Since lib0 only provides codecs for multi-type sequences and does not provide specific structural abstractions, I do not plan to introduce libraries such as serde at this level, but introduce them in the port of yjs.
Testing
At present, y-crdt has implemented a lib0 version. I plan to use it as a result reference to fuzzing, and write a test case comparing the results of js version lib0 for each type of encoding.
cc @Brooooooklyn @zuoxiaodong0815
The following pseudo-code describes how to read a ydoc (read method without ytype) VarXxx means a read_var_xxx function, accept &[u8] and consume part of it, return new &[u8] and parsing results
1. readUpdateV2
a. readClientStructRefs
i. numOfStateUpdates = VarUint
ii. Loop numOfStateUpdates
1) numOfStructs = VarUint
2) client = VarUint
3) clock = VarUint
4) Loop numOfStructs
a) info = Uint8
b) First5Bit = 0b00011111 & info
c) Switch First5Bit
i) Case0 // GC
1. len = VarUint
2. Break
ii) Case10 // Skip
1. len = VarUint
2. Break
iii) Default
1. cantCopyParentInfo = 0b1100000 & info
2. If info & 0b10000000 == 0b10000000 then
– leftId = Id {VarUint, VarUint}
3. End
4. If info & 0b01000000 == 0b01000000 then
– rightId = Id {VarUint, VarUint}
5. End
6. If VarUint = 1 then
– doc.get(VarString)
7. Else
– leftId = Id {VarUint, VarUint}
8. End
9. If info & 0b00100000 == 0b00100000 then
– VarString
10. End
11. readContentByType(First5Bit)
b. readAndApplyDeleteSet
i. numClients = VarUint
ii. Loop numClients
1) client = VarUint
2) numberOfDeletes = VarUint
3) Loop numberOfDeletes
a) clock = VarUint
b) clockLen = VarUint
Ybinary structure analysis
Currently, I have implemented the parser of ybinary(update) in https://github.com/toeverything/OctoBase/pull/389.
There are several known problems, which I will write here for future improvements to the format:
-
format without analytic expressions
In mathematics, a solution that can be expressed by a analytic expression is called a analytic solution, and I use it to describe a file format: if a file format can read any data in a file container with a fixed logic, I call it has analytic expression. MKV is a typical format that has a analytic expression, you can read any data stored in MKV with a fixed read logic.

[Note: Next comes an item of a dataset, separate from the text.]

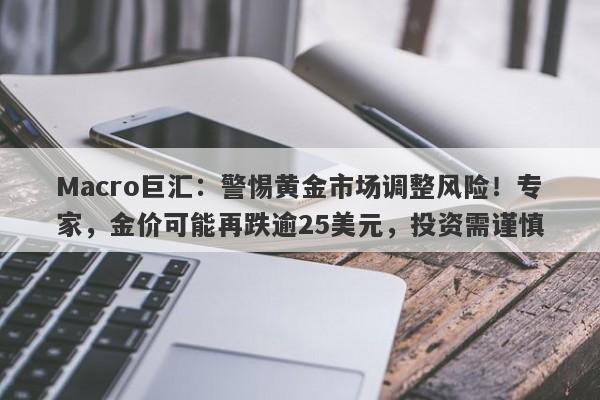 Macro巨汇：警惕黄金市场调整风险！专家，金价可能再跌逾25美元，投资需谨慎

ybinary, on the other hand, has not analytic expression. If you want to read ybinary, you first need to read multiple variable-length integers, which describe how many times you need to loop through the item, and then there is a lot of variable-length integer read/write logic in the process of reading the item, which means that if any one byte is corrupted in the ybinary, the whole ybinary will no longer be readable, which greatly increases the risk of store ybinary for a long time.
-
can only be read in full
ybinary is stateful: ybinary does not store the complete crdt item state, some state depends on the state in the previously loaded crdt item, which means if you want to read or write a crdt item in ybinary, you have to read the whole ybinary into memory.
-
No file or value level self-checking
As mentioned earlier, ybinary has no analytic expression, which means that any byte corruption in binary will result in the corruption of the whole binary. Since binary does not contain checksum on the value, we cannot know whether ybinary is corrupted and from where until we read it.
-
Complexity of decoding
ybinary uses a lot of variable-length integer encoding to save the values, which consumes a lot of cpu resources when coding and decoding.

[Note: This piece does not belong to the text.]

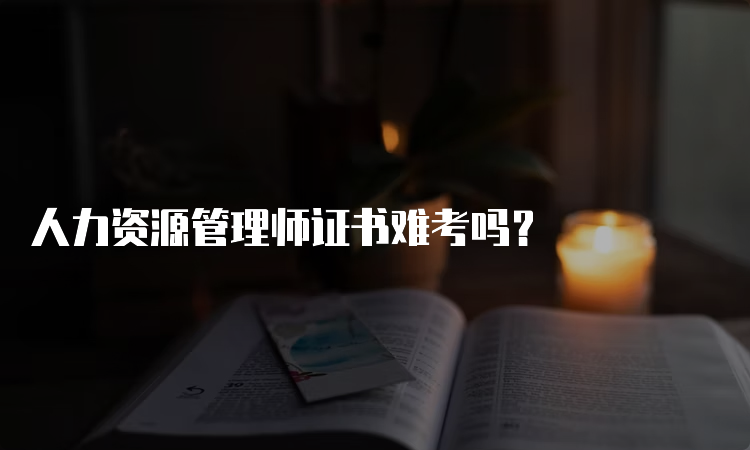 人力资源管理师证书难考吗？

in contrast, fixed-length binary numbers can be decoded at high speed on any platform (including js runtime, using dataview)
the variable-length integer encoding used by ybinary contains conditional judgments in the encoding and decoding logic, which makes it several times slower than fixed-length binary numbers even if it is optimized on the native platform.